Member of the Karnataka Legislative Council
- In office 1994–2006
- Constituency: Elected by MLAs

Minister of State for Science & Technology
- In office 18 August 2001 – 28 May 2004
- Governor: V. S. Ramadevi; T. N. Chaturvedi;
- Chief Minister: S. M. Krishna
- Preceded by: G. Parameshwara

Minister of State for Medical Education
- In office 11 October 1999 – 18 August 2001
- Governor: Khurshed Alam Khan; V. S. Ramadevi;
- Chief Minister: S. M. Krishna
- Succeeded by: G. Parameshwara

Personal details
- Born: 4 November 1947 (age 78)
- Citizenship: India
- Party: Indian National Congress
- Spouse: Mohammed Hassan Fazal (m.1964)
- Children: Nooraine Fazal (daughter)
- Profession: Social Worker and Fashion Designer

= Nafees Fazal =

Indian politician (born 1947)

Nafees Fazal (4 November 1947) is an Indian politician who was the first Muslim woman to hold a ministerial post in South India. She was, at first, the minister of medical education and later became the minister of science & technology during the Krishna ministry in Karnataka.

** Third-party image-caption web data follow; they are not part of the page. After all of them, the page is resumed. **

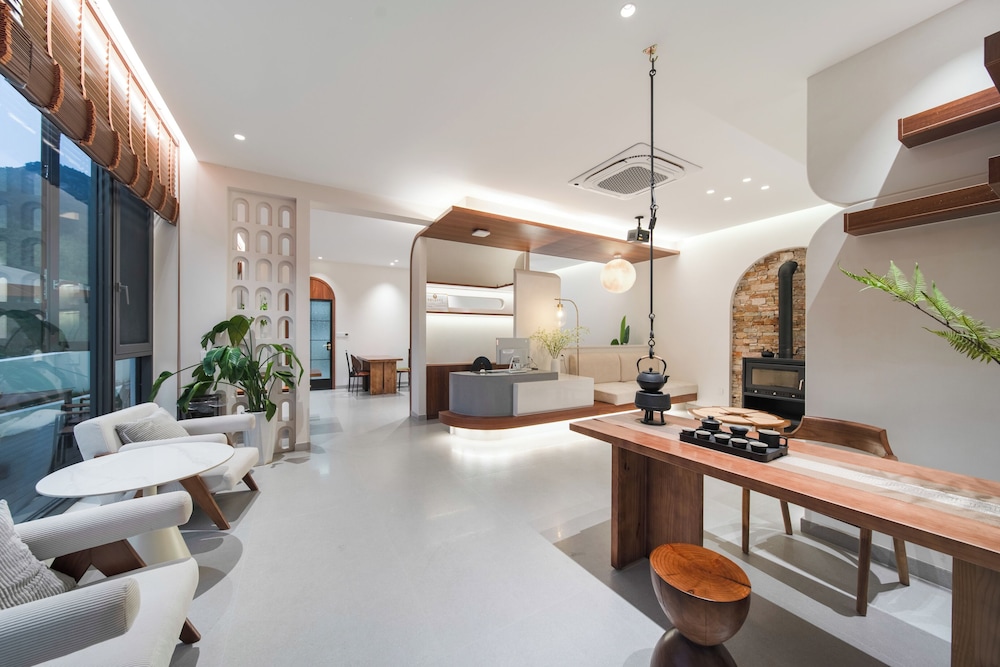 Bright Moon Valley Smart Hotel in Anqing, People's Republic of China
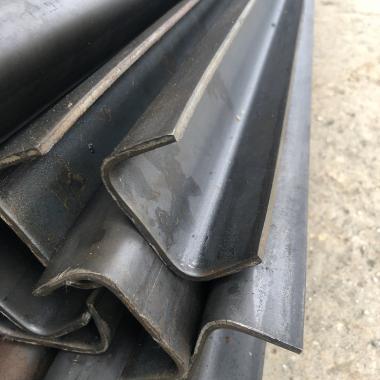 Швеллер стальной гнутый 160x80x5мм L=12м 09Г2С в Ростове-на-Дону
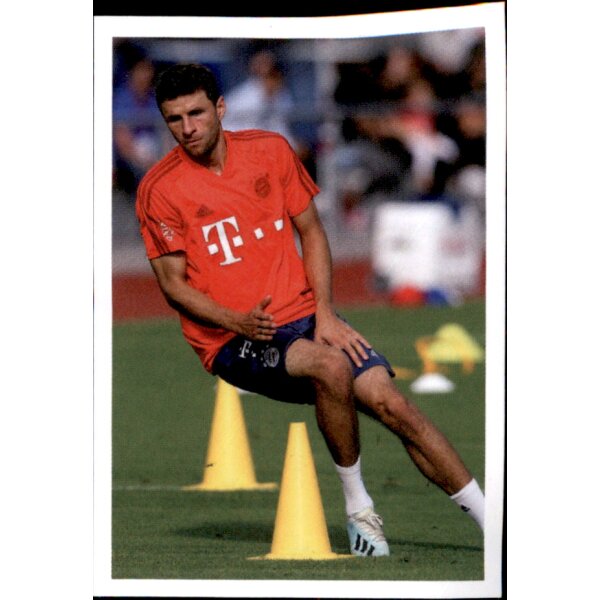 Sticker 147 - Training- Panini FC Bayern München 2019/20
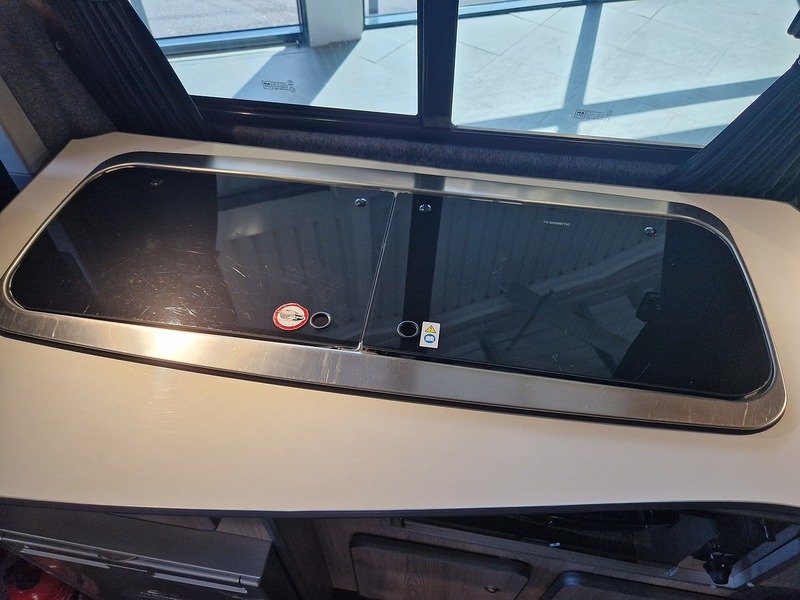 Volkswagen Transporter TDI T28 Highline - U11739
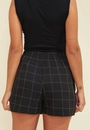Short Saia Crepe Xadrez  Com Lapela Lateral
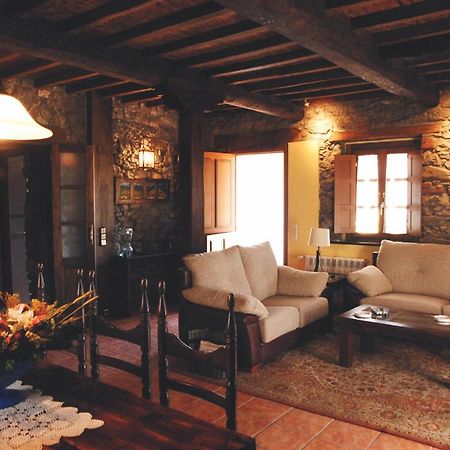 Готель Casa De Aldea La Pumariega Caces Екстер'єр фото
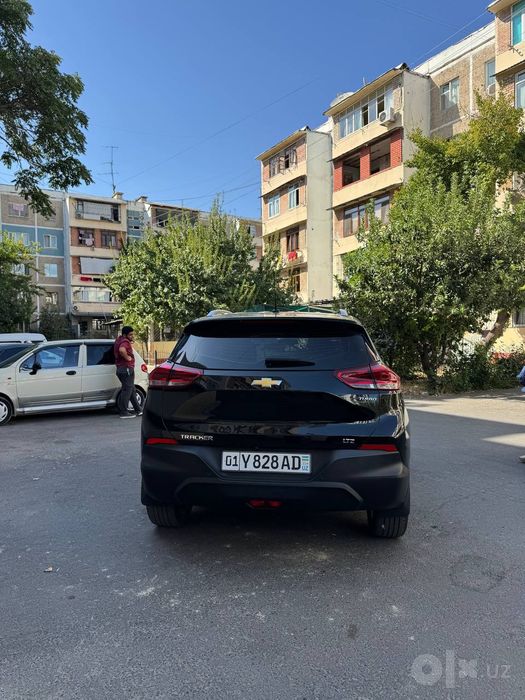Tracker 2023 Qora Ltz sprochna sotiladi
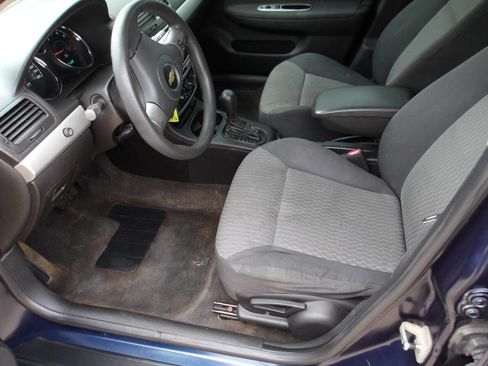 Used 2009 Chevrolet Cobalt LT image 5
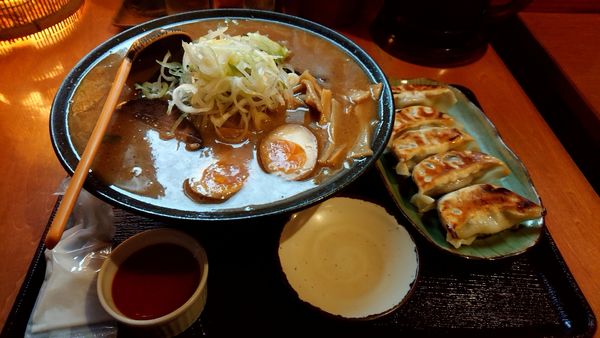 「蔵出し味噌チャーシューメン 味玉 大盛 辛口ソース」@博士ラーメン別館 & Hakase Thaiの写真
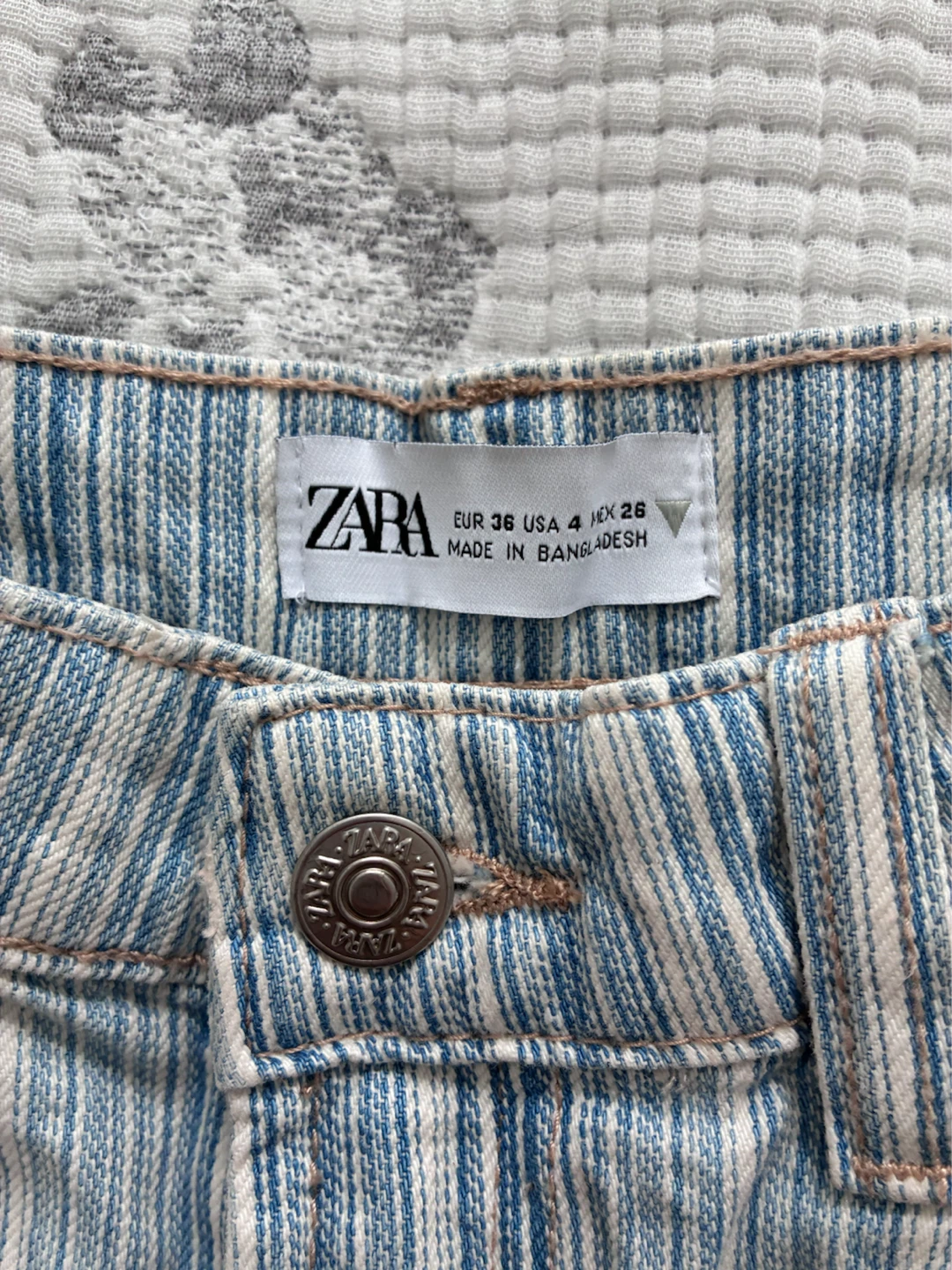 Zara Striped Denim Shorts - photo 2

She was elected as a member of the Karnataka Legislative Council for two terms, from 1994 to 2006.

== Early life ==
Nafees Fazal was born on 4 November 1947. She is the granddaughter of Khan Bahadur Mohammed Moosa Sait, a former sheriff of Chennai. She went to a boarding school in Lovedale and Yercaud.

== Political career ==

In 1983, she unsuccessfully contested the Bruhat Bengaluru Mahanagara Palike municipal elections from the Shivajinagar ward on a Congress ticket. Her political mentor was Margaret Alva. She was the president of the Bangalore wing of the Mahila Congress.

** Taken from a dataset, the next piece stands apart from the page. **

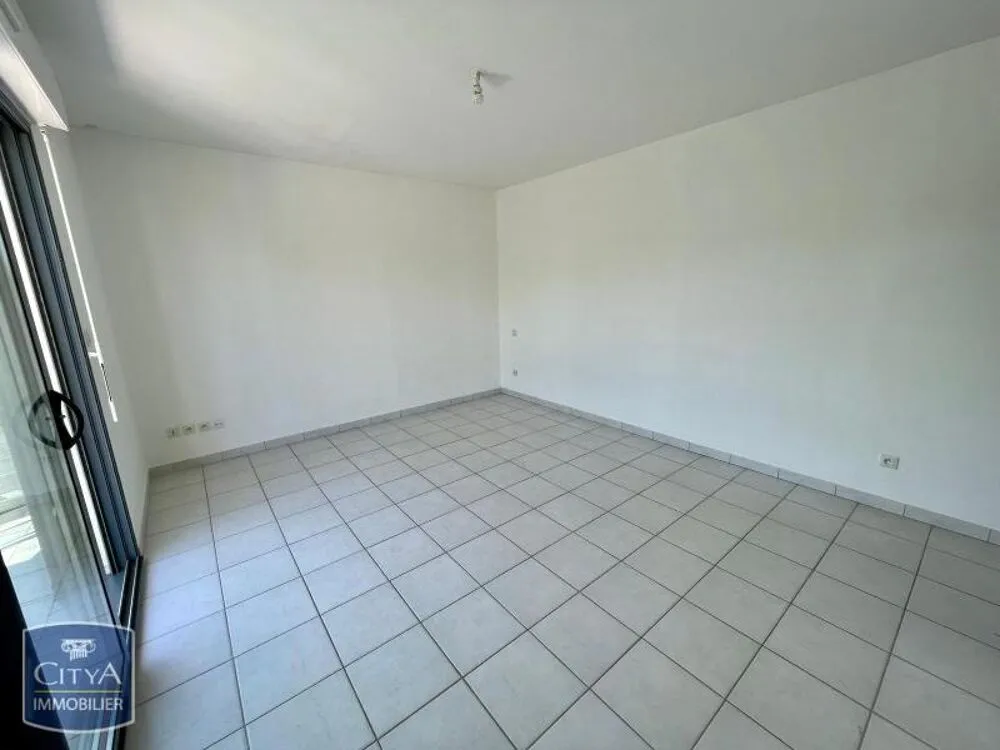 Rooms - Apartment with Balcony in Niort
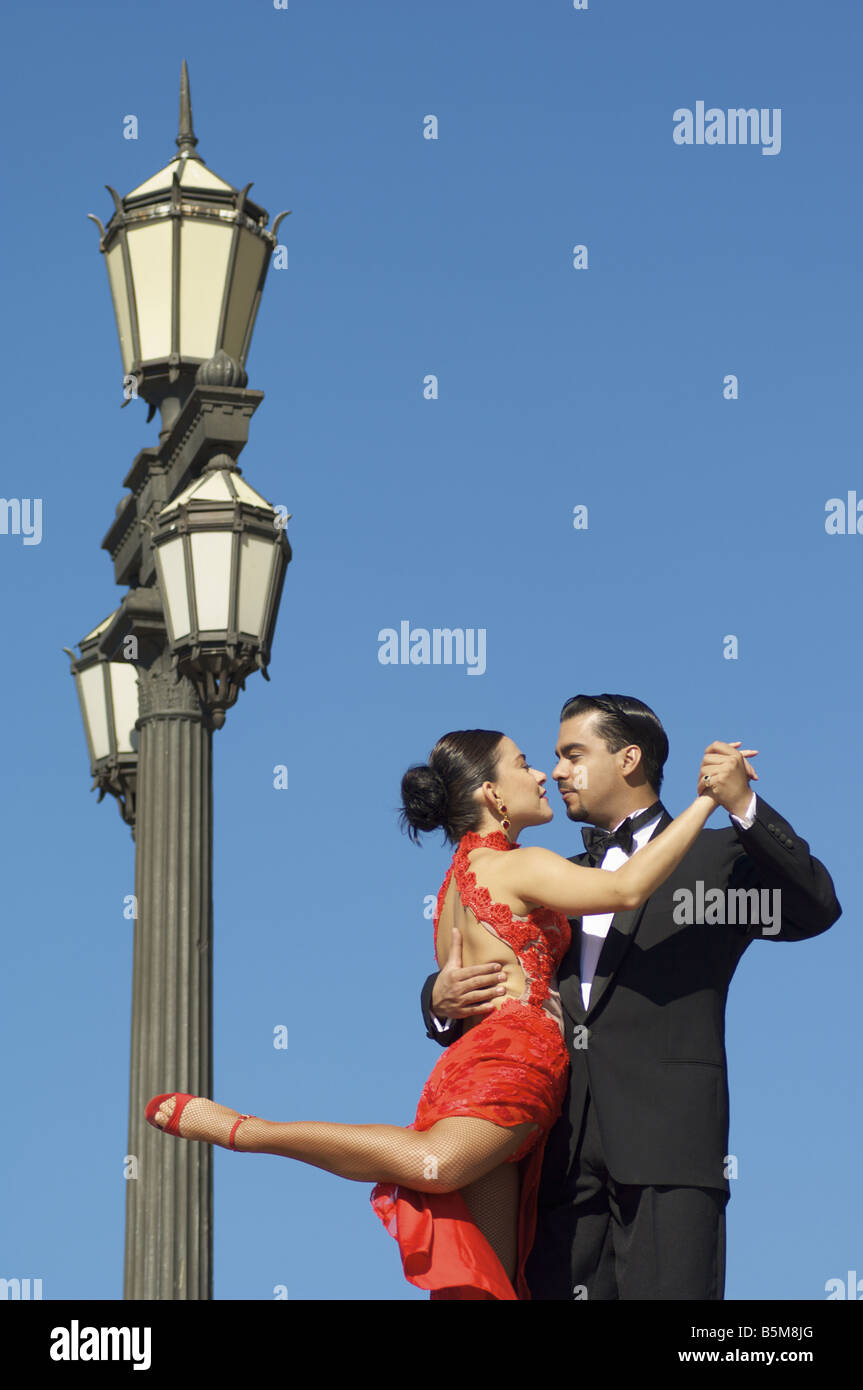 Tango dance vertical hi-res stock photography and images - Alamy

In 1994, she was elected to the Karnataka Legislative Council and was an MLC until 2006. During the Krishna ministry, she served as the Minister of Medical Education and the Minister of Science & Technology.

== Personal life ==

In 1964, she married Hassan Fazal, whose family owned the Fazal's clothing store on Commercial Street, Bengaluru. They had 2 daughters. Her daughter, Nooraine Fazal is the CEO and Co-founder of Inventure Academy and a core committee member of the Bangalore Political Action Committee.